I performed all the above steps to make sure we were confident that the code change was safe for a production release. And so, it was released.

However, a database query that wasn't strict/ exclusive enough, resulted in a race condition that was very difficult to detect even with all of the above testing, that only manifested in production.

It meant that in 16% of the requests for data_provider_legacy data, we were responding with data_provider_new (and untested) data. 

This meant, in these 16% of cases the system behaviour was undefined. In production. Not good.

If I had asked, before release, while I was working on this code (while it was all as fresh in my mind and as understood as deeply as possible):

"If this thing does go wrong, what does that look like?"

Then I could have worked out how to look for that in production, set up monitoring for that before releasing, and discovered the issue the first time it occurred - affecting < 1%, not 16%, of cases.

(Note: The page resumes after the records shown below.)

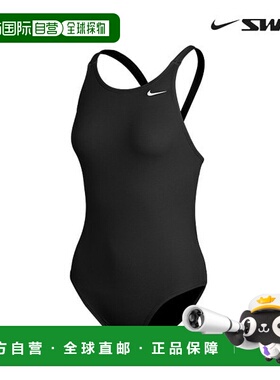 韩国直邮NIKE 游泳衣 Swim Answer Solid Fastback 高切连体泳衣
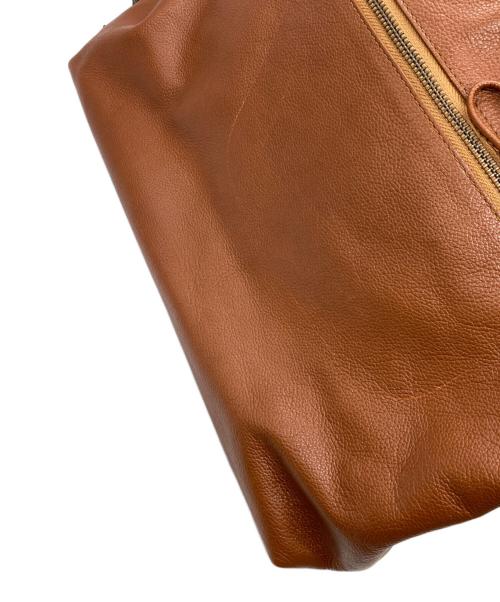 MOTHERHOUSE（マザーハウス）MOTHERHOUSE (マザーハウス) レザーショルダーバッグ ブラウンの古着・服飾アイテム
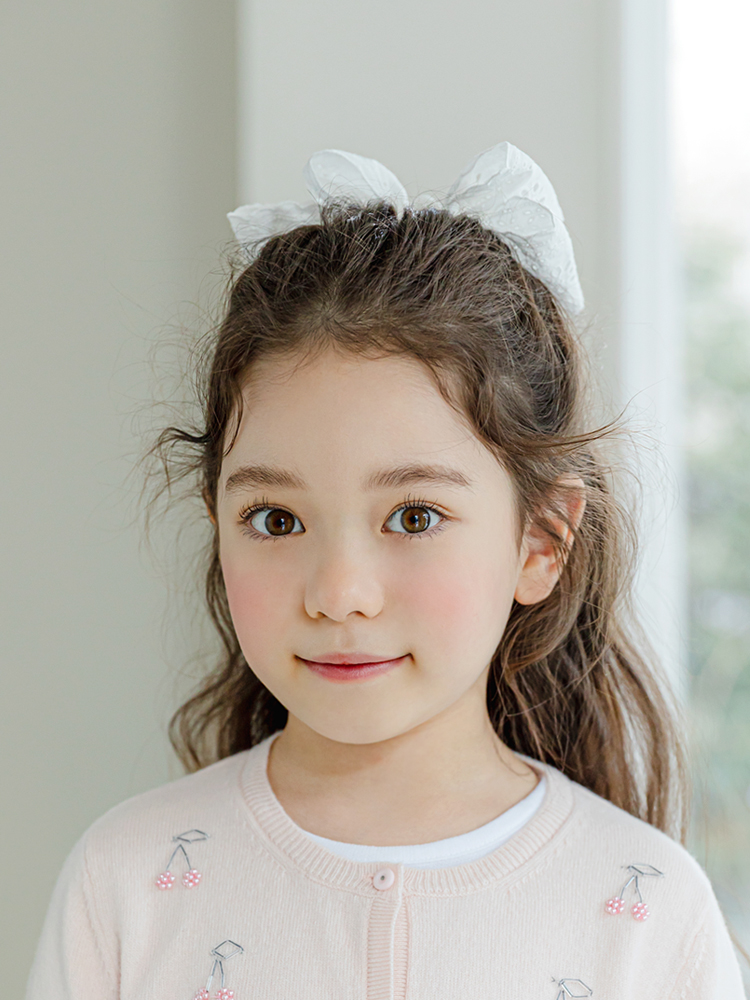 코지레이스 페어리본 자동 헤어핀 유아머리핀 - 상세 이미지 2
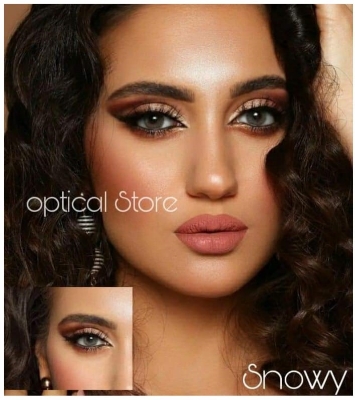 Picture of KSSEYE snowy Contact Lenses, Natural Color Lens Eyes Yearly Color Contact Lenses For Eyes big beauty Contact Lenses Eye Cosmetic Color eyes Unisex Lareen Cosmetic Contact Lenses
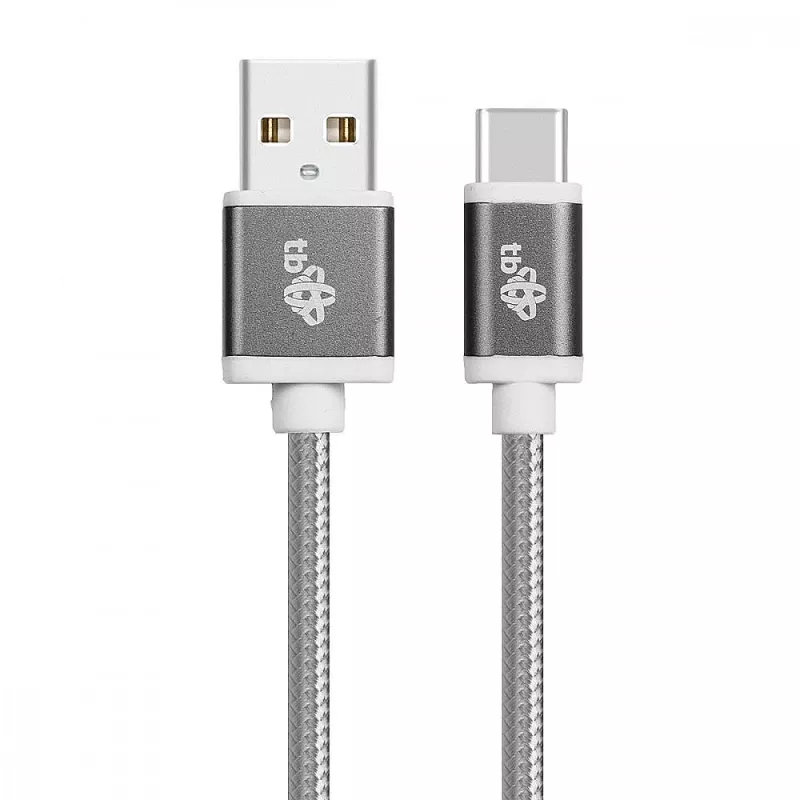 TB USB - Kabel USB-C 1,5 szary (AKTBXKUCSBA150S)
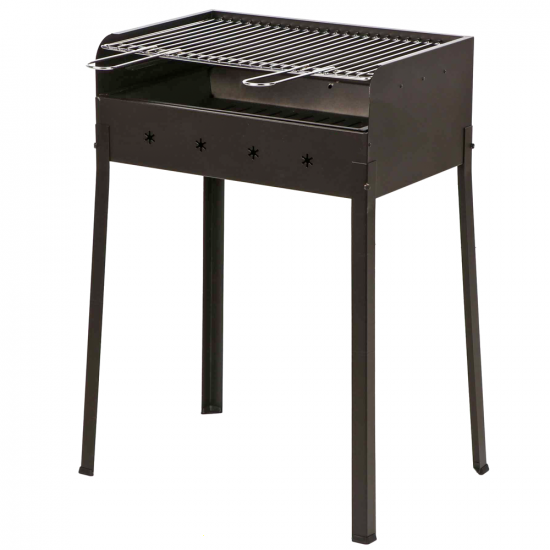 Mille Stella Eco Medium - Barbecue &agrave; charbon en fer artisanal - 57,5x37 cm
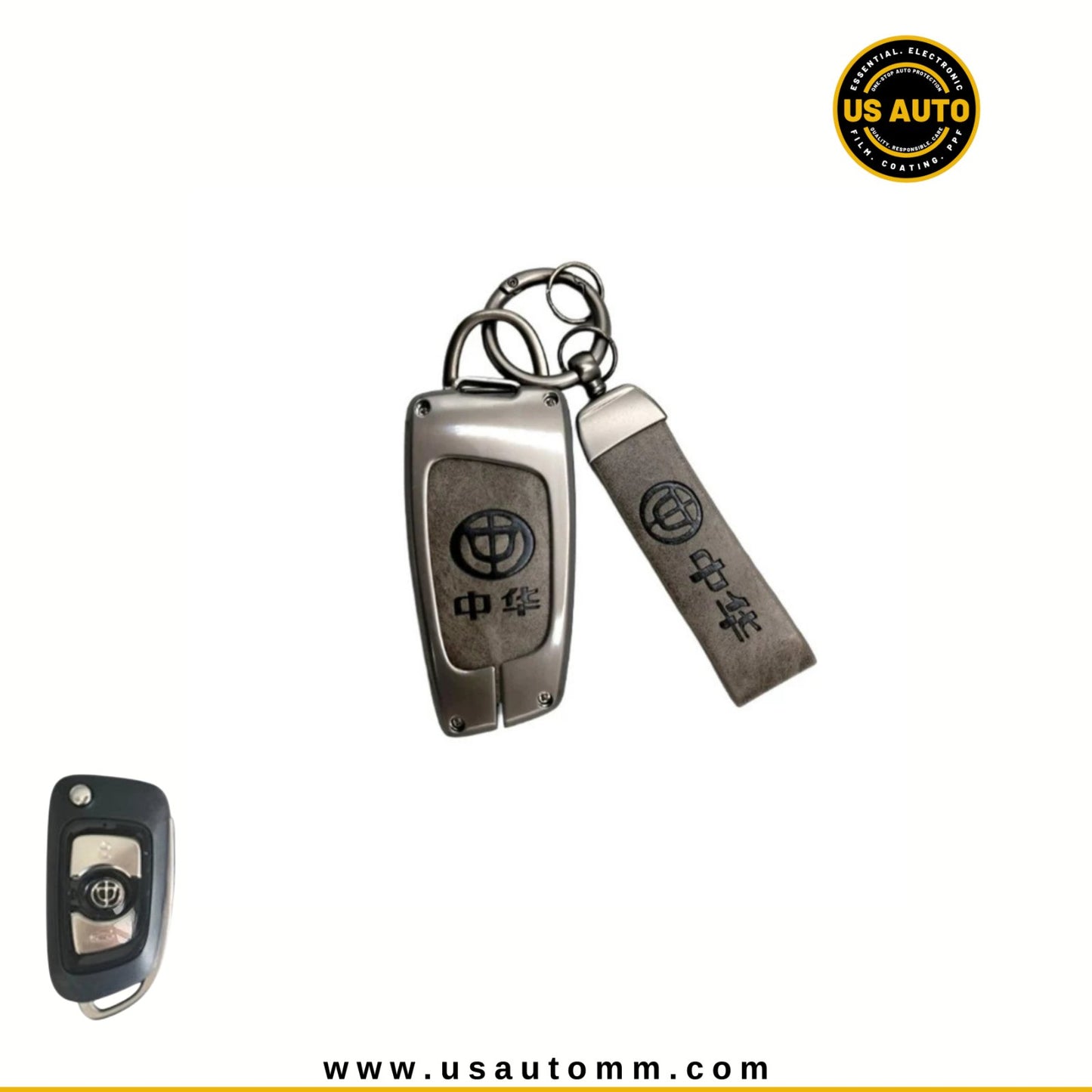 METAL KEY COVER (GREY) BRILLIANCE UNI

I could then turn off the integration with data_provider_new, and fully investigate what was causing this, until now unforeseen, issue. Then turn the integration back on when it was fixed.

In the main story of this work, you can include a ticket that captures this: 

"Post Release Monitoring of Production: 'If this Thing Does Goes Wrong, What Does That Look Like?'" 

Typically this will be a couple of hours of work to think about and set up some sort of monitoring. There's no need to be clever here, this is just a temporary set-up that you will discard once you are confident nothing is going wrong in production.

In my case it would have been me, manually running a DB query every morning, on production applications, looking for those with:

{"data_provider": "data_provider_new"}

It would take about 30 seconds every morning before my stand up. That would have done it.

This way, you are: 

  • Realistic about the possibility of things going wrong when launching complex changes into even more complex systems.
  • Whilst taking responsibility for monitoring these complex changes post-release into production.
  • And then rectifying the issue as soon as it is detected.

Who in your team, wouldn't want you to do that?

Maybe a time, and resource, pressed PM?

You can point your PM to this blog post when they ask why are you wasting time writing up and implementing this ticket when the change has been so thoroughly tested already, and ask them:

"But what if it does go wrong?"